Many African-American women are forgoing the hair relaxer and returning to their hair’s natural texture. Why?

To understand this, one must first understand what a hair relaxer is and what it does. It is a chemical that is applied to the hair, left on a set amount of time, then rinsed out, all in order to straighten naturally kinky hair. The straightening components are either sodium hydroxide or calcium hydroxide (thus the “lye” versus “no-lye” distinction). This is a permanent process that must be reapplied to the hair’s new growth as it comes in to keep a straight, uniform look.

Although proclaimed as a safe procedure, there are risks involved, especially if the relaxer is left on the hair too long or comes in contact with the skin. Women have been left with scarring from chemical burns when the relaxer was improperly used. There have been cases where the hair follicles were damaged beyond repair; consequently, these areas no longer will grow hair.

But it’s not only damage that is making many black women forego straightening their hair. The reasons are as varied as the women themselves.

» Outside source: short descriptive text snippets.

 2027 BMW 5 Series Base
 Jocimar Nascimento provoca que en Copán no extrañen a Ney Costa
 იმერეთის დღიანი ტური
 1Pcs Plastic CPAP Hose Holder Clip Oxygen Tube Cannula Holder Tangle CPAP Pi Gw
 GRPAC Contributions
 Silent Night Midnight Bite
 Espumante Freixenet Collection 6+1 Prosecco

Since many women have had their hair straightened from a young age, they may have no recollection what their natural hair looks like. They might be curious to rediscover their roots. Some women grow tired of the constant maintenance required of relaxed hair. On average, the process needs to be applied to the new growth every four to eight weeks. Factor in the time it takes to set relaxed hair on rollers or to blow dry and style and it can be quite time-consuming to keep up.

Still other women are embracing their natural heritage and a natural lifestyle. One of the surest ways to differentiate themselves from others is by wearing their natural hair proudly. Only tightly curled or kinky hair can stand up and out in an Afro.

In the 1960’s and 1970’s, many blacks wore their natural hair in Afros, in part as a spurning of the subjugated way of life they and their ancestors were forced to live. It was a time of racial pride and upheaval. Once the Civil Rights Movement came to an end, many black people who wanted to join corporate America found they had to “assimilate.” To blend in with the powers that be, it was necessary to conform. For women, this most often meant straightening the hair. For men, it was a low haircut.

In the early to mid-1990’s, as black music evolved to include a Neo-soul sound, reminiscent of the ‘60’s and ‘70’s, black style changed as well. Hair began to take a turn back. Braids and dreadlocks (or “locs” as most loc wearers prefer them to be called) became popular. Natural black hair began to be celebrated again.

At the start of a new millennium, more and more women are returning to their natural texture. Unlike the earlier wave of naturals, there are many more options for styling, instead of just the basic Afro. There are books and websites dedicated to the care of black hair, which are needed since so many women didn’t grow up caring for their hair in its natural state and don’t have a clue how to care for it.

Perhaps this renaissance will continue and natural hair will become the accepted norm. One day, maybe naturally textured black women will be the majority and few will remember a time when harsh chemicals were freely applied to kinky hair to change it into something it wasn’t meant to be.